Make pathlib extensible

Most of the functions in the Windows file API first normalize a path into native NT form before making a system call such as NtCreateFile() or NtOpenFile(). Among other things, path normalization replaces forward slashes with backslashes. There are exceptions.

Of course, normalization is intentionally skipped for “\\?\” device paths. For example, r"\\?\C:\Windows/System32" is an invalid path because NTFS reserves forward slash as an invalid name character. Like all code in the the native NT API and system services, the NTFS filesystem only handles backslash as a path separator.

>>> os.stat(r'\\?\C:\Windows/System32')
Traceback (most recent call last):
  File "<stdin>", line 1, in <module>
OSError: [WinError 123] The filename, directory name, or volume label syntax is incorrect: '\\\\?\\C:\\Windows/System32'

None of the Path* API functions, such as PathCchSkipRoot(), handle forward slash as a path separator.

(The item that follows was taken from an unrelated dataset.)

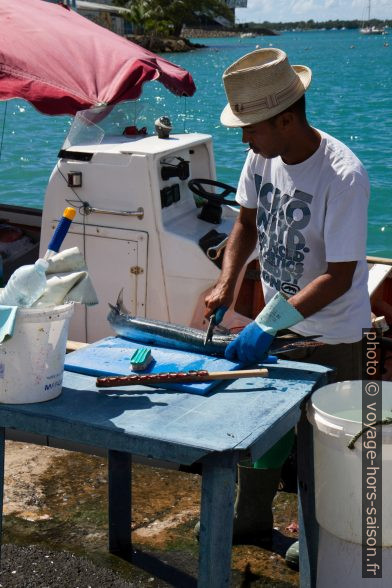 Préparateur de poissons sur le port de Pointe-à-Pitre. Photo © Alex Medwedeff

When creating a relative symbolic link, CreateSymbolicLinkW() (i.e. os.symlink()) does not replace forward slashes with backslashes in the target path. This creates a broken symlink since paths in the kernel only use backslash as a path separator.

>>> os.mkdir('spam')
>>> open('spam\\eggs', 'w').close()
>>> os.symlink('spam/eggs', 'eggslink')
>>> os.stat('eggslink')
Traceback (most recent call last):
  File "<stdin>", line 1, in <module>
OSError: [WinError 123] The filename, directory name, or volume label syntax is incorrect: 'eggslink'

There are several other functions in the Windows API that take file paths and fail to normalize forward slashes as backslashes, such as NeedCurrentDirectoryForExePathW().

It’s really a laundry list of exceptions to the rule. Better to just use the native path separator than to worry about what does and does not support forward slashes.

Also, when paths are parsed as command-line arguments, applications may fail to handle paths that use forward slashes. Notably, the CMD shell has this problem. For example:

>>> os.system('dir C:/Windows')
Parameter format not correct - "Windows".
3 Likes

What I’m saying is there normalization is not required.

The key thing is os.fspath() prevents you from accidentally calling str() on a non-path-like object like None.

The idea is that the string representation is like an encoding of a path just like some integer can be an encoding for a Unicode code point, and thus not something to directly think about if you’re using pathlib.

2 Likes

:sparkles: March 2023 progress report :sparkles:

Thank you to @AlexWaygood, @hauntsaninja and @steve.dower for reviewing and merging performance improvements to path construction. There’s one remaining PR to land on that issue, after which it can be resolved. I’ve logged an issue for optimizing PurePath.__fspath__() by returning an unnormalized path, and another for implementing os.path.splitroot() in C. I’m also looking at an issue with glob() performance.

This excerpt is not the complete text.